-- What to work on --
Please keep pictures out and return the lines below exactly, from the one holding "Best medical jokes" through the last, both included.

....

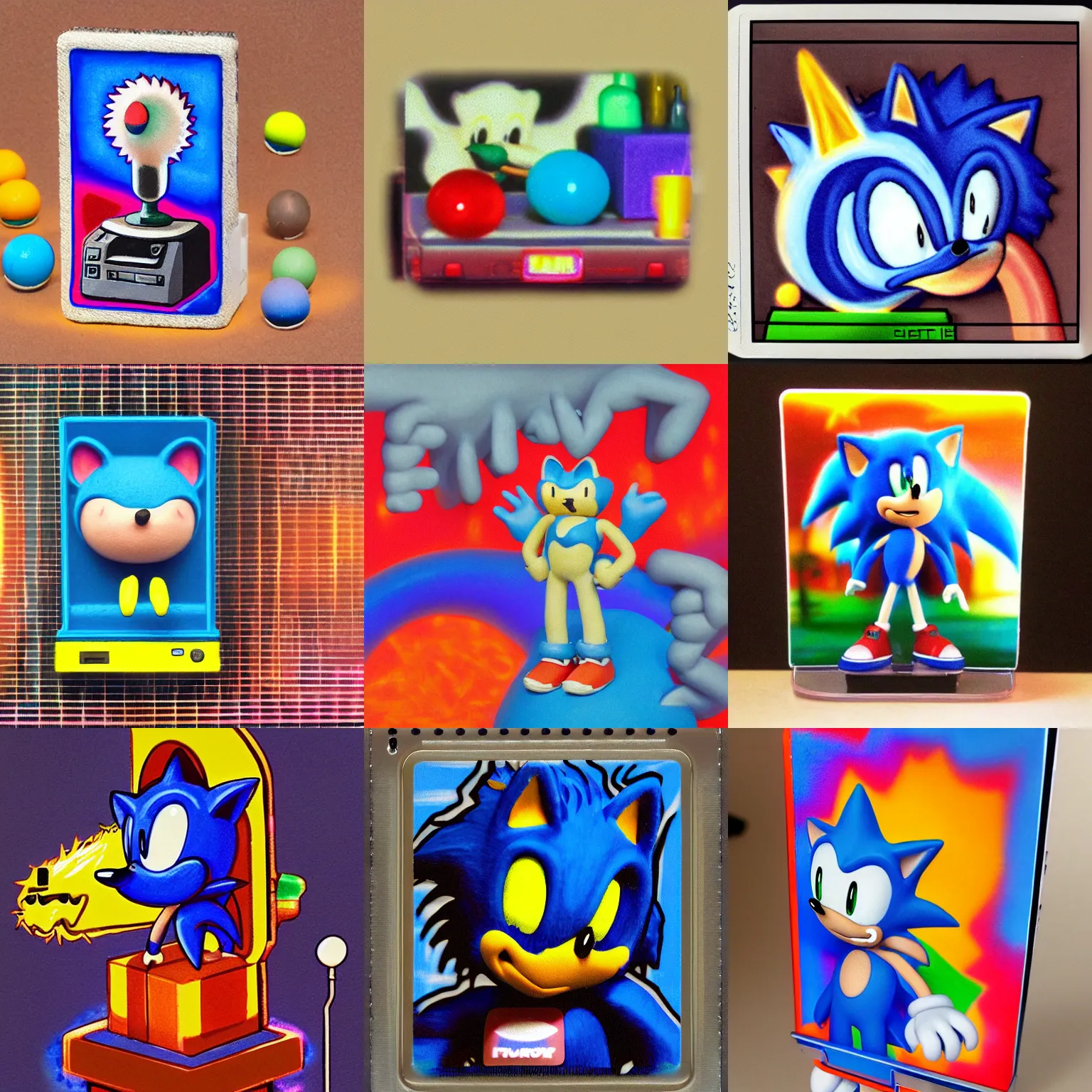 Prompt: clay stop motion claymation portrait of sonic hedgehog polaroid and surreal sharp, detailed professional soft pastels instax quality airbrush art lava lamp album cover liquid dissolving airbrush art lsd dmt sonic the hedgehog cyberspace lava lamp checkerboard matte painting 1 9 9 0 s 1 9 9 2 sega genesis rareware video game album cover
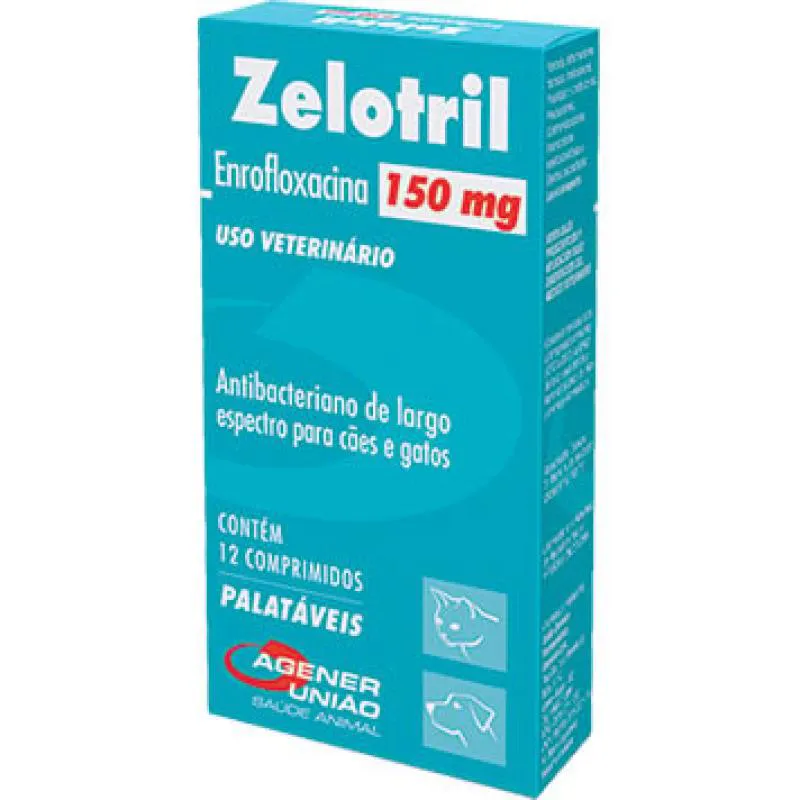 BACTERICIDA ZELOTRIL PARA CãES E GATOS 12 COMPRIMIDOS 150MG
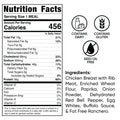 Nutrition facts label for MsWendy Buff Nuggets: 456 calories per serving, high in protein. Contains dairy and gluten, no seed oils. Made with chicken breast, wheat flour, spices, peppers, buffalo sauce fat-free ranch—great for buffalo chicken nuggets.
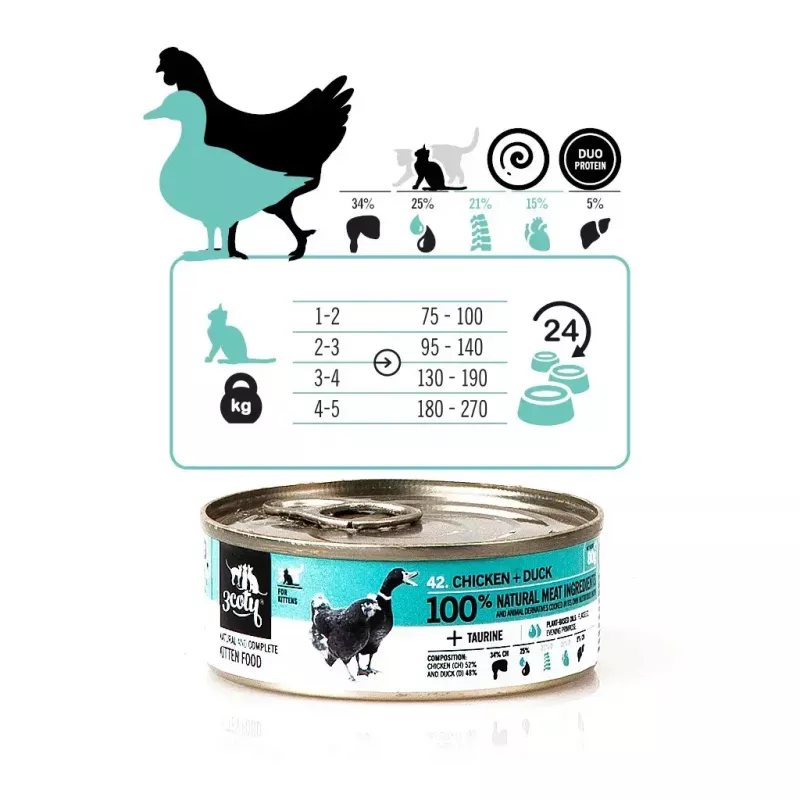 Wet cat food 3coty Chicken with duck for kittens 80 g pouch, complete feed, protein 20%, fat 9%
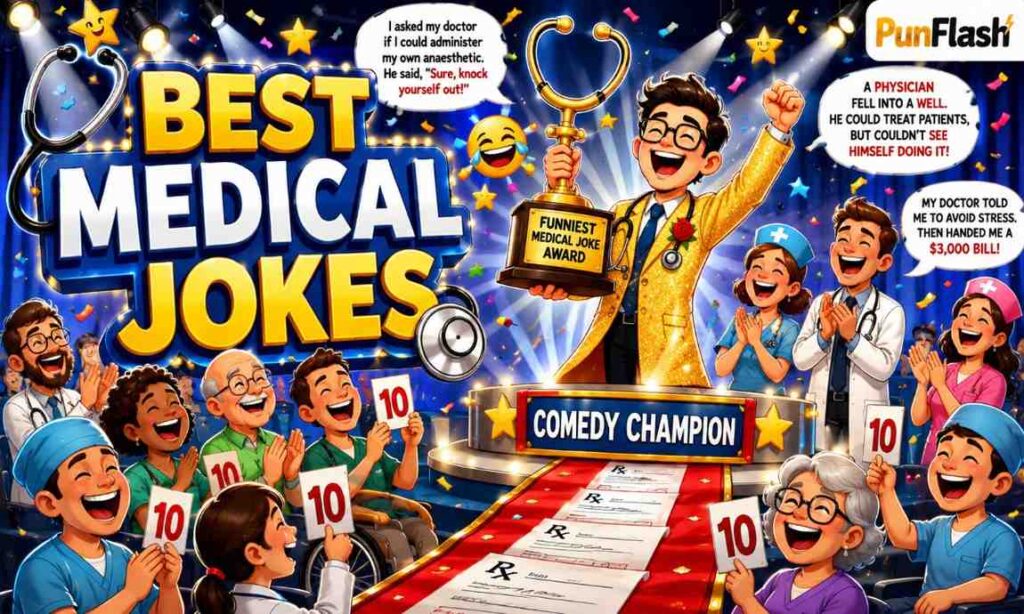 Best medical jokes cartoon illustration featuring a doctor winning a comedy award, laughing nurses, happy patients, and a stethoscope trophy at a medical humor awards ceremony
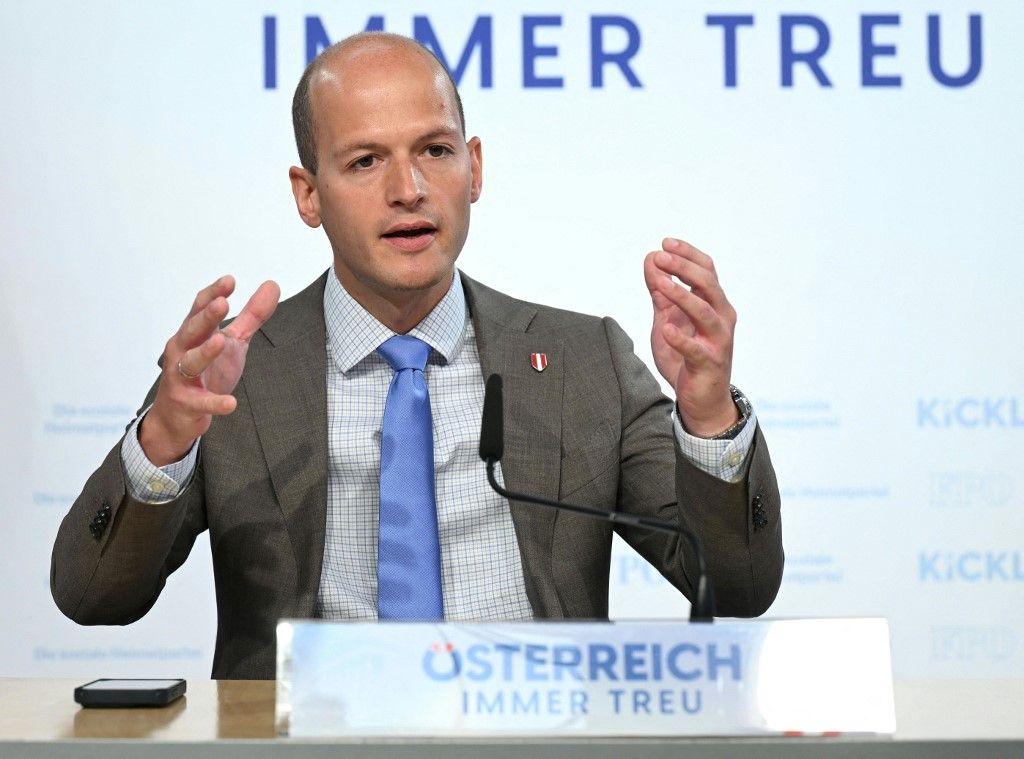 The FPÖ press conference "Starting signal for the coronavirus review" in Vienna, Austria, on Tuesday, May 6, 2025.   FPÖ constitutional spokesman Michael Schilchegger - 20250506_PD3452 (Photo by Helmut Fohringer / APA-PictureDesk via AFP)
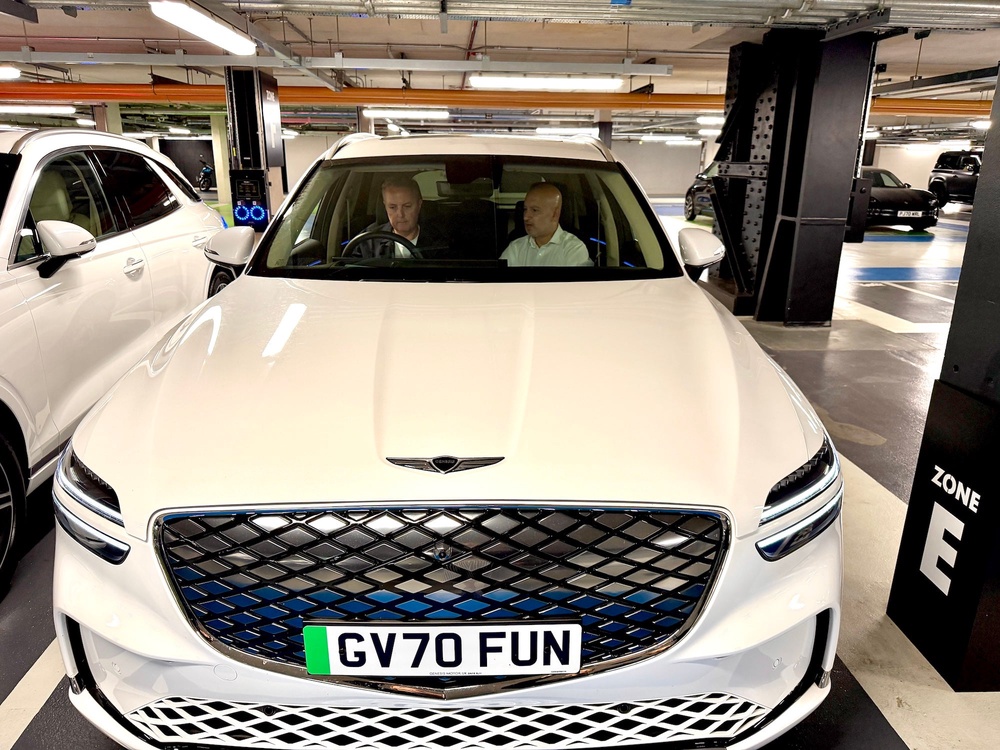 The Genesis handover is 'as you like it'. It could have been at home, but I chose the car park below the Genesis Studio at Battersea Power Station (Steve Fowler)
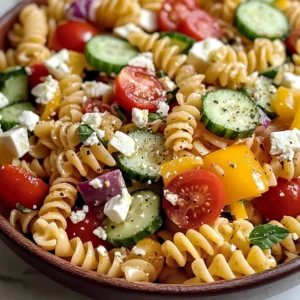 High Protein Greek Pasta Salad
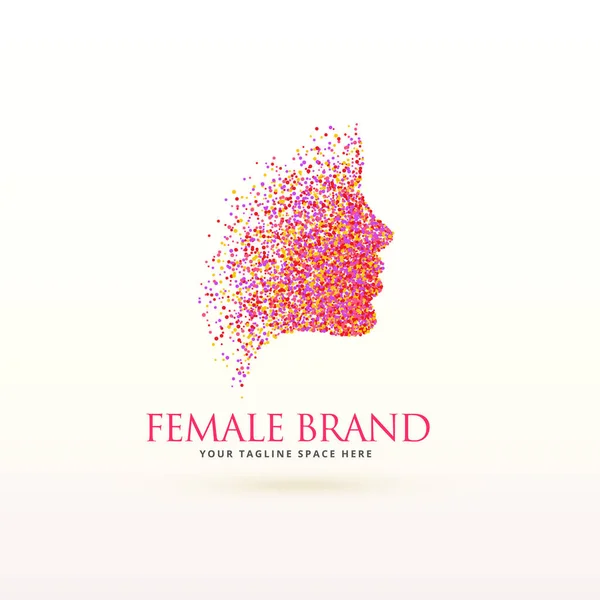 Diseño del logotipo de la cara de mujer hecha con partículas de puntos — Archivo Imágenes Vectoriales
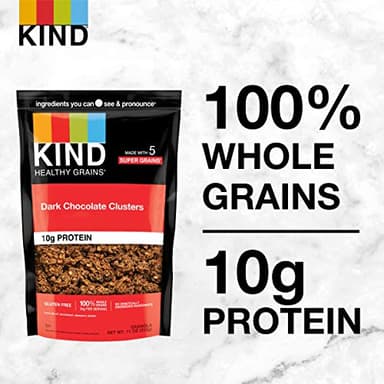 KIND Healthy Grains Clusters, Dark Chocolate Granola, Gluten Free, 10g Protein, 11 Ounce (Pack of 3) - Image 4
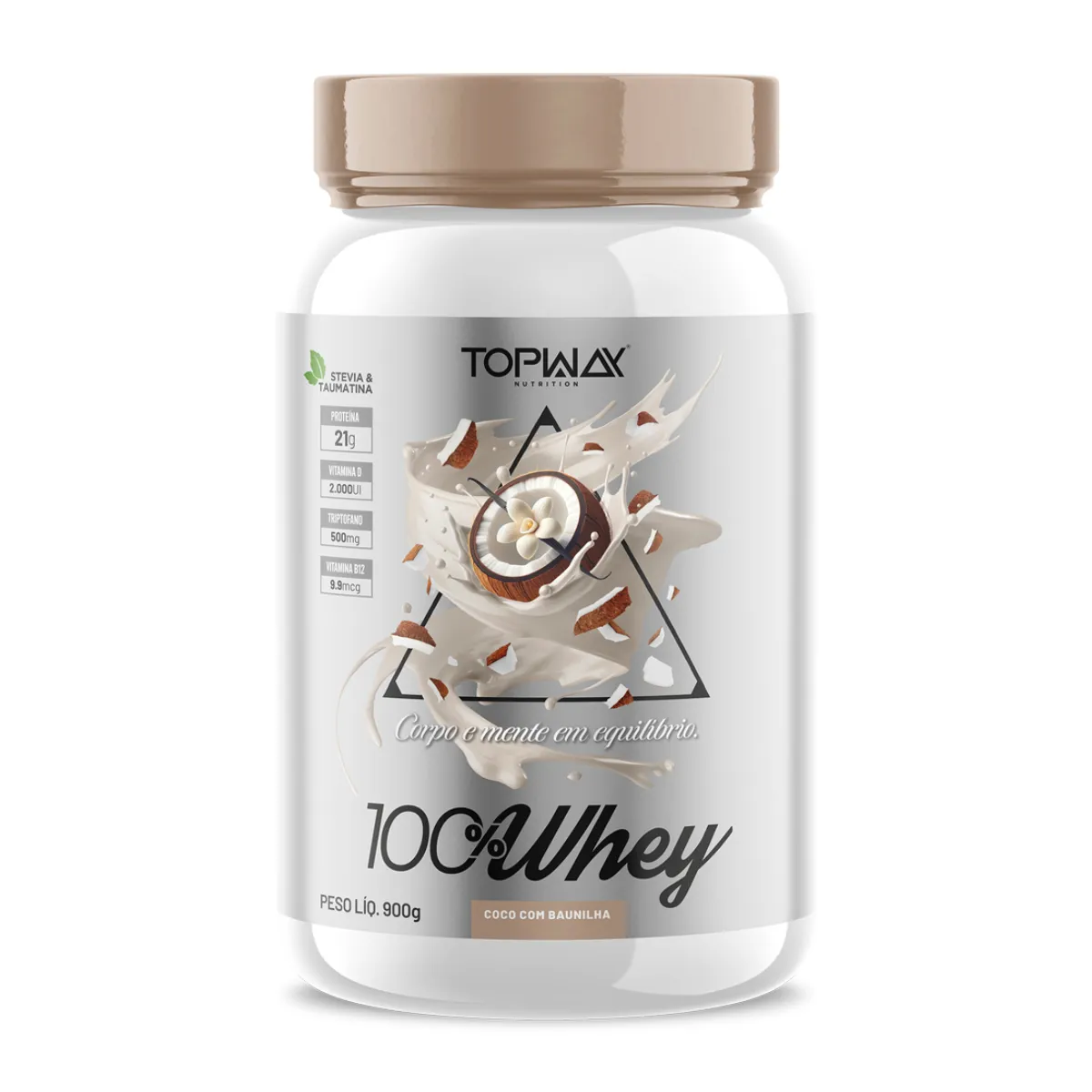Whey Protein Topway 100% Concentrado Coco Com Baunilha 900g Whey Protein Topway 100% Concentrado Coco Com Baunilha 900g - Imagem 1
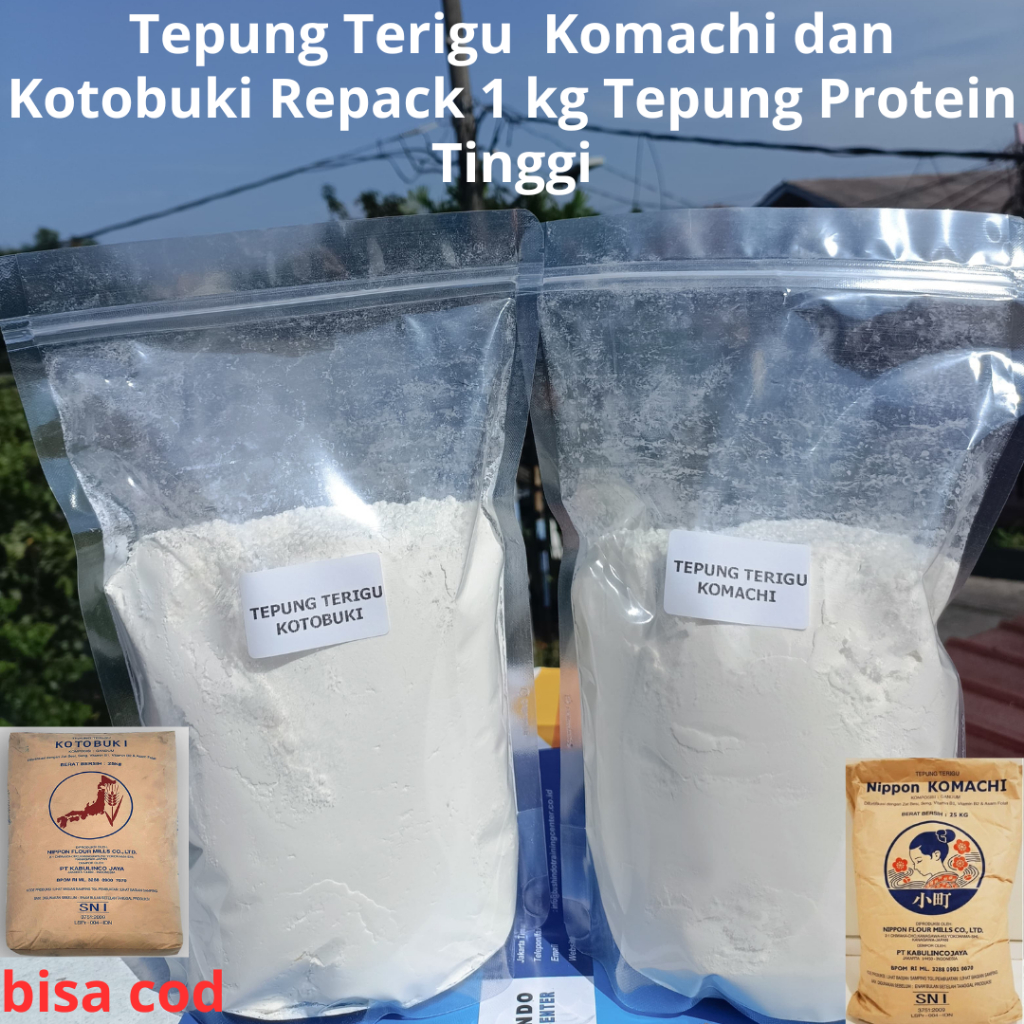 

Tepung Terigu Komachi dan Kotobuki Repack 1 kg Tepung Protein Tinggi daan protein rendah cocok untuk membuat kue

....

-- Written response --
 Best medical jokes cartoon illustration featuring a doctor winning a comedy award, laughing nurses, happy patients, and a stethoscope trophy at a medical humor awards ceremony
 The FPÖ press conference "Starting signal for the coronavirus review" in Vienna, Austria, on Tuesday, May 6, 2025.   FPÖ constitutional spokesman Michael Schilchegger - 20250506_PD3452 (Photo by Helmut Fohringer / APA-PictureDesk via AFP)
 The Genesis handover is 'as you like it'. It could have been at home, but I chose the car park below the Genesis Studio at Battersea Power Station (Steve Fowler)
 High Protein Greek Pasta Salad
 Diseño del logotipo de la cara de mujer hecha con partículas de puntos — Archivo Imágenes Vectoriales
 KIND Healthy Grains Clusters, Dark Chocolate Granola, Gluten Free, 10g Protein, 11 Ounce (Pack of 3) - Image 4
Whey Protein Topway 100% Concentrado Coco Com Baunilha 900g Whey Protein Topway 100% Concentrado Coco Com Baunilha 900g - Imagem 1

Tepung Terigu Komachi dan Kotobuki Repack 1 kg Tepung Protein Tinggi daan protein rendah cocok untuk membuat kue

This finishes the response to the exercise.